« Beyond Trace Reconstruction: Population Recovery from the Deletion Channel
March 27, 2019, 11:00 AM - 12:00 PM
Location:
Conference Room 301
Rutgers University
CoRE Building
96 Frelinghuysen Road
Piscataway, NJ 08854
Xi Chen, Columbia University
Population recovery is the problem of learning an unknown distribution over an unknown set of n-bit strings, given access to independent draws from the distribution that have been corrupted according to some noise channel. We study the problem under the deletion channel, in which each bit is independently deleted and the surviving bits are concatenated. This is a more challenging noise model than bit-flip or erasure noise; indeed, even the simplest case in which the population is of size 1 corresponds to the trace reconstruction problem, for which an exponential gap remains in the sample complexity.

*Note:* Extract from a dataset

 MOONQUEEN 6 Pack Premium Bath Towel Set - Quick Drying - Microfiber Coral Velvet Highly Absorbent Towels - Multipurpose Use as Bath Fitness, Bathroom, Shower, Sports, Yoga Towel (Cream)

In this talk we give upper and lower bounds for population recovery under the deletion channel. We show that a population of constant size can be learned using 2^{O(sqrt{n})} samples, while n^{Omega(k)} samples are required for population size k.
Our upper bounds are obtained via a robust multivariate generalization of a polynomial based analysis, due to Krasikov and Roddity, of how the k-deck of a bit-string uniquely identifies the string; this is a very different approach from recent algorithms for trace reconstruction (the case of k=1). Our lower bounds build on moment-matching results of Roos and Daskalakis and Papadimitriou.
Joint work with Frank Ban (Berkeley), Adam Freilich, Rocco A. Servedio and Sandip Sinha (Columbia).